On this week's show: Myanmar's sectarian violence, Mali's unwanted Tuaregs, Bangladesh cracks down on bloggers, an Israeli journalist gives Iran the news. Also: A Spaniard who's prepared to give up all to get to Canada, a school for shantytown models in Buenos Aires and helping refugees in South Africa get a university degree.
Produced by Charlotte Collins, Neil King, Nancy Isenson and Michael Springer
Over the past two weeks fierce clashes between Buddhists and Muslims in central Myanmar have left dozens of people dead and around 12,000 homeless. Dave Grunebaum, a freelance journalist based in Yangon tells us what this means for the country's people and reforms.
Interview: Charlotte Collins
Abdou Ag Mohamed was a university student before the crisis began in Mali. Now, he finds himself caught up in a conflict he wants no part of, but which his ethnicity compels him to face.
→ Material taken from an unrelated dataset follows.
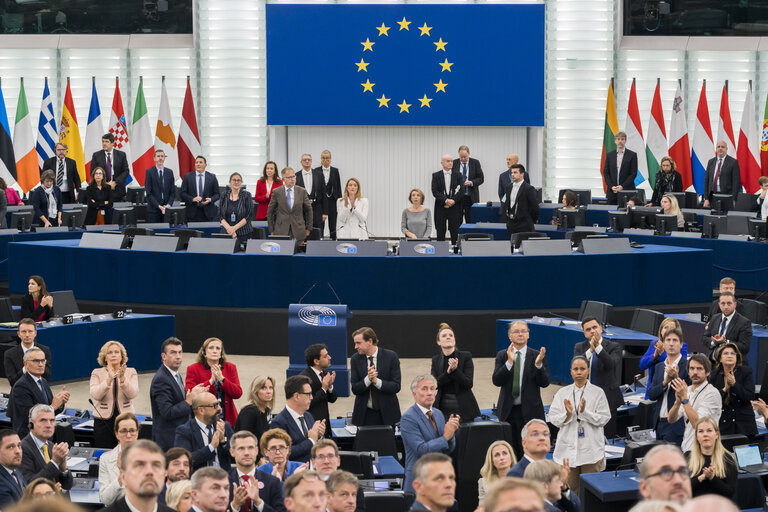 Nuotrauka 27: EP Plenary session - Voting session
Report: Damon van der Linde
The award-winning Bangladeshi blogger and outspoken atheist Asif Mohiuddin was almost killed by assassins in January. He recovered and continued typing away. Now the authorities have banned his blog.
Interview: Neil King
Veteran Israeli journalist Menashe Amir has been broadcasting from Jerusalem to Iran - his country of birth - for decades. And he's never been short of listeners.
Report: Vanessa O'Brien
Educated but out work. Many Spaniards like David Garcia Jurado are fed up with queueing at the job center and would rather seek their fortune abroad. He’s prepared to leave all behind, including his girlfriend, to get to Canada.
Report: Ashifa Kassam
Guido Fuentes has lived in a shantytown in northern Buenos Aires for decades. One day he decided to help teenagers in the area break free of the squalor. He opened a modeling school.
Report: Eilís O’Neill
In South Africa, refugees who want to attend local universities sometimes find themselves excluded because they might not have the right documents or the necessary funds. A young Rwandan refugee is fighting to change that, but it's an uphill battle.